Spanner gets both correctness and low latency from tight synchronization. They do COMMIT_WAIT, meaning wait for the max clock skew to pass. But the max clock skew without TrueTime will be around 500ms (which it impractical to wait out). So, the 7ms is lower latency, but 500ms is impractical (more so than just calling it higher latency). And any other technique to drop latency (without HLC) will violate correctness.

Disclosure: co-founder/CTO of YugabyteDB project

fwiw i think you’re both saying something very similar. true time has to be correct about max skew in order for it to not break the assumption spanner is built upon. you could also use a looser time bound and still have correctness, but end up with a database that is useless to most/all customers
Interesting. How does this differ from HLC in practice - in the article you say you use a 500ms max skew for HLC?

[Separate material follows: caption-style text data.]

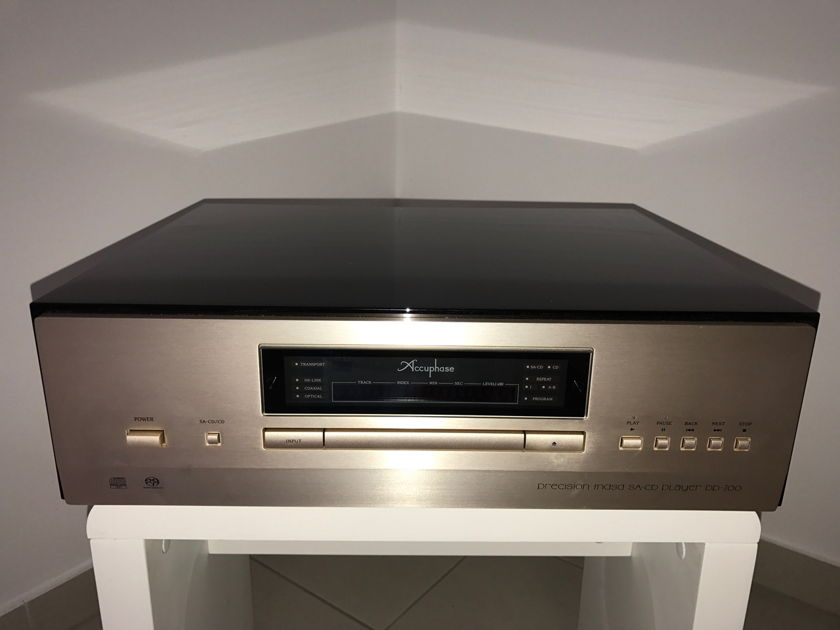 Accuphase DP700 220/240v europe
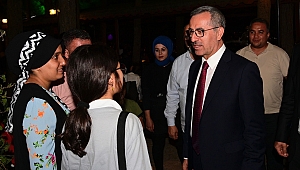 Başkan Güngör, Şairler Tepesi’nde Vatandaşlarla Bir Araya Geldi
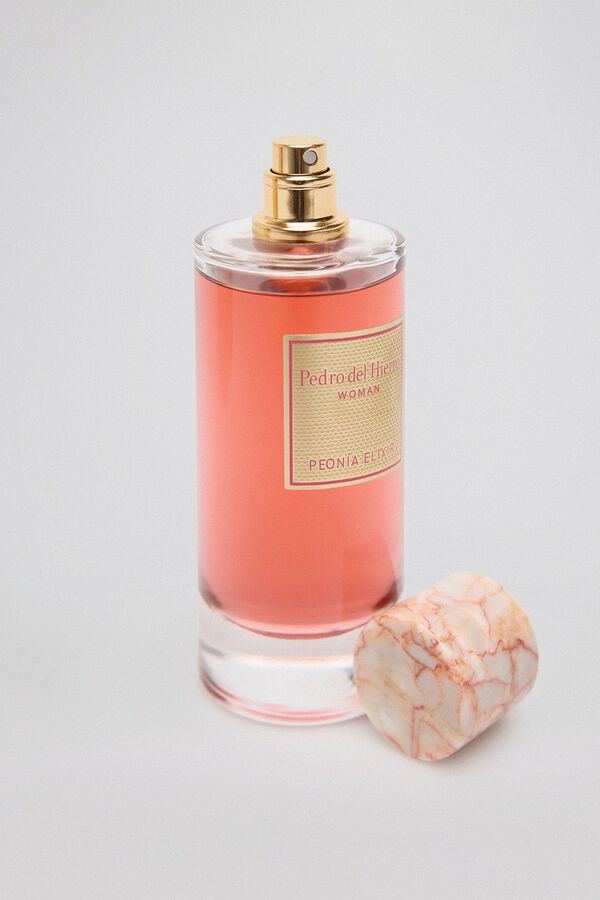 Pedro del Hierro Peon&iacute;a Elixir Rosa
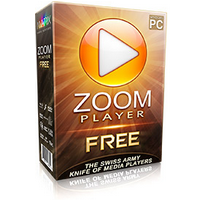 Zoom Player Free (โปรแกรม Zoom Player ฟรี เล่นหนัง เล่นเพลง)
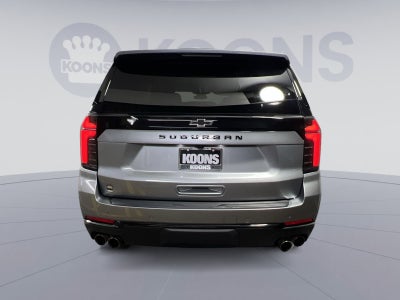 2025 Chevrolet Suburban Z71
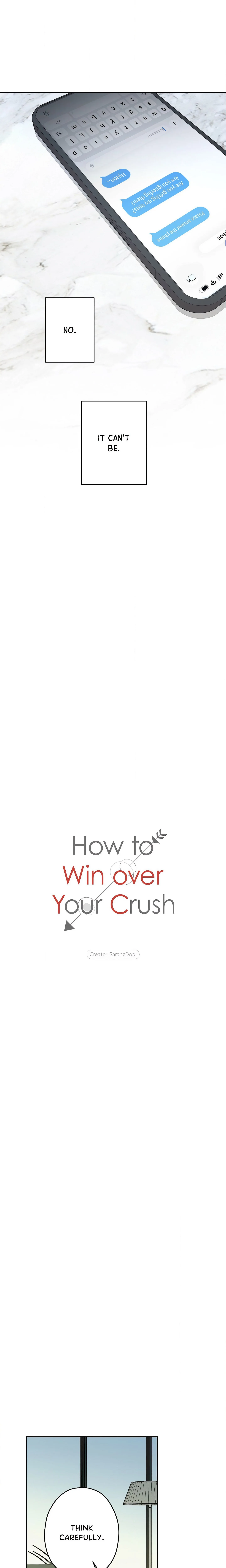 How to Win over Your Crush (Uncensored) chapter 21 page 9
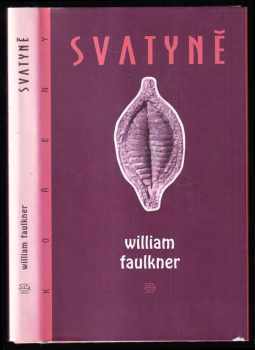 Svatyně - William Faulkner (1996, Argo) - ID: 522234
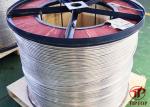 Flexible Cold Drawn Alloy Steel API 5ST Coiled Tubing
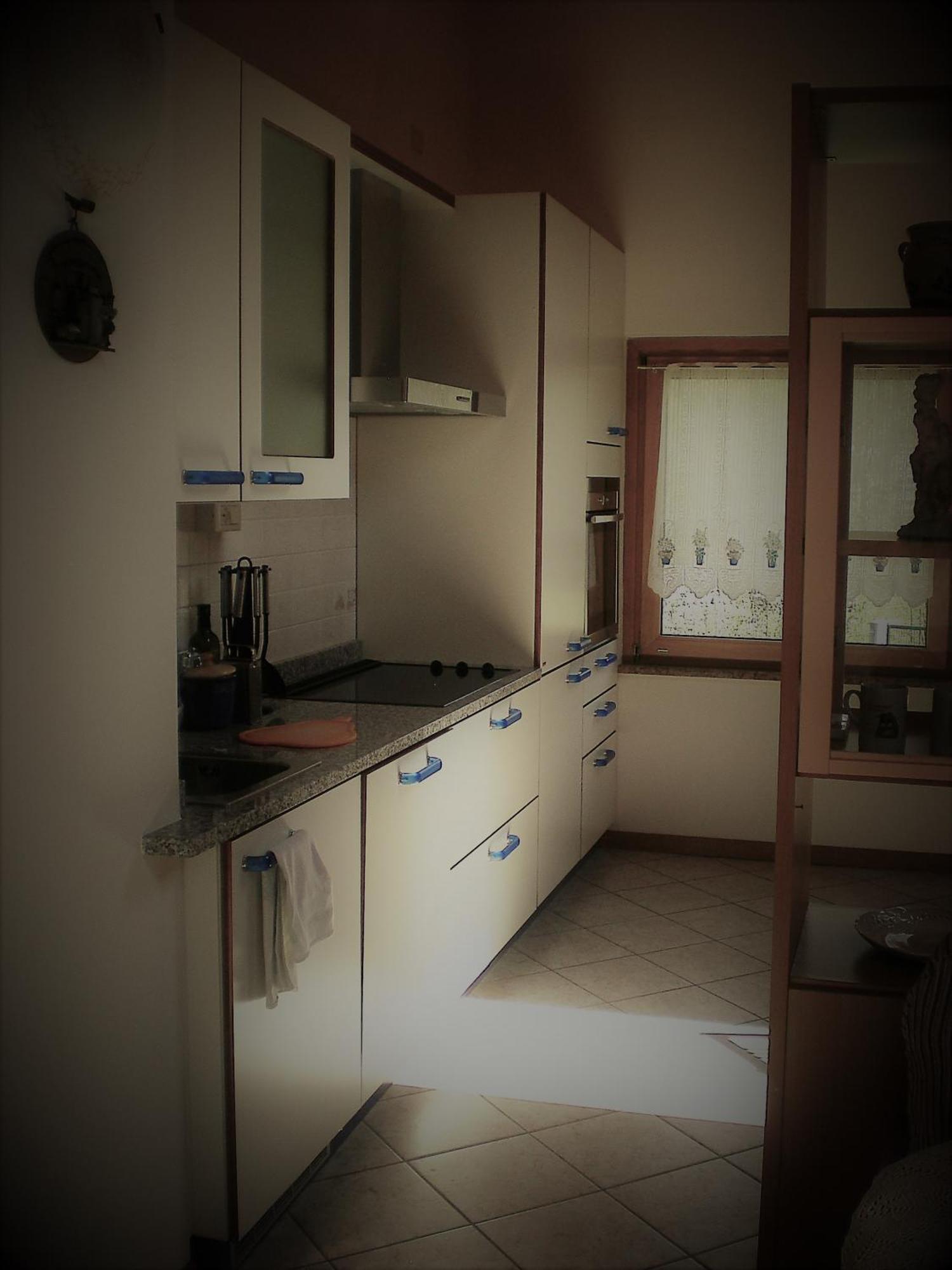 Casa Vacanze Da Ile Малборгето Валбруна Екстериор снимка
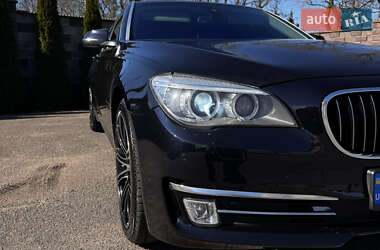 Седан BMW 7 Series 2012 в Рівному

The difference is in how the regular path (exercised most of the time) vs an edge case when there is a conflict (typically in larger clusters with a pathological access pattern) works. With TrueTime, the latency is always 7ms and no issues in the pathological cases. With HLC, the latency is lower in most cases, but high in the pathological cases (when it can be 500ms), but these should not matter for many use cases.
What do you think of RIFL/TAPIR?
Thanks for pointing this out, was not aware of TAPIR. Will take a look, seems pretty interesting.